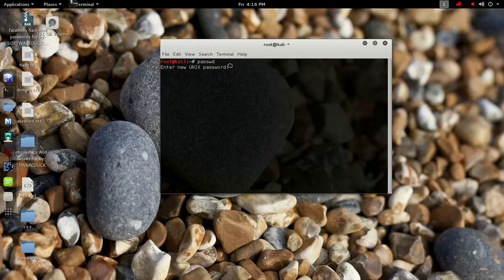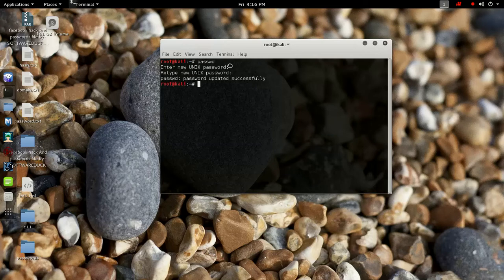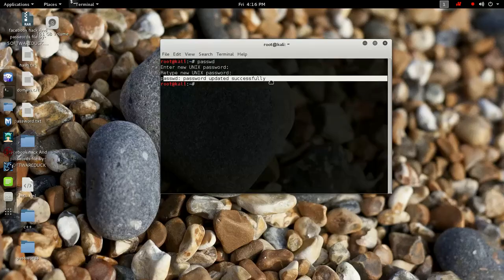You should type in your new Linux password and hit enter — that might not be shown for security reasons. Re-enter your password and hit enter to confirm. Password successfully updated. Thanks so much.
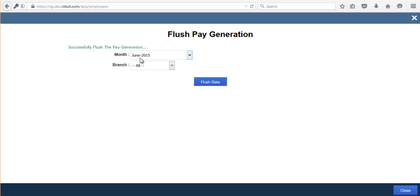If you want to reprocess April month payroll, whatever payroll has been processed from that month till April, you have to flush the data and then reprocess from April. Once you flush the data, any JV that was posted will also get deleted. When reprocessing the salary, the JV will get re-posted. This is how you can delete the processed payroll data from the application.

● ● ● ● ● ● ●

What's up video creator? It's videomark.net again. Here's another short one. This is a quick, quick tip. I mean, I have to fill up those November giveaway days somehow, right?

● ● ● ● ● ● ●

Exercise prompt:
Above are the records; copy from them only the lines starting at the one containing "You should type" and ending at the one containing "If you want", exactly and without pictures.

Exercise response:
You should type in your new Linux password and hit enter — that might not be shown for security reasons. Re-enter your password and hit enter to confirm. Password successfully updated. Thanks so much.
If you want to reprocess April month payroll, whatever payroll has been processed from that month till April, you have to flush the data and then reprocess from April. Once you flush the data, any JV that was posted will also get deleted. When reprocessing the salary, the JV will get re-posted. This is how you can delete the processed payroll data from the application.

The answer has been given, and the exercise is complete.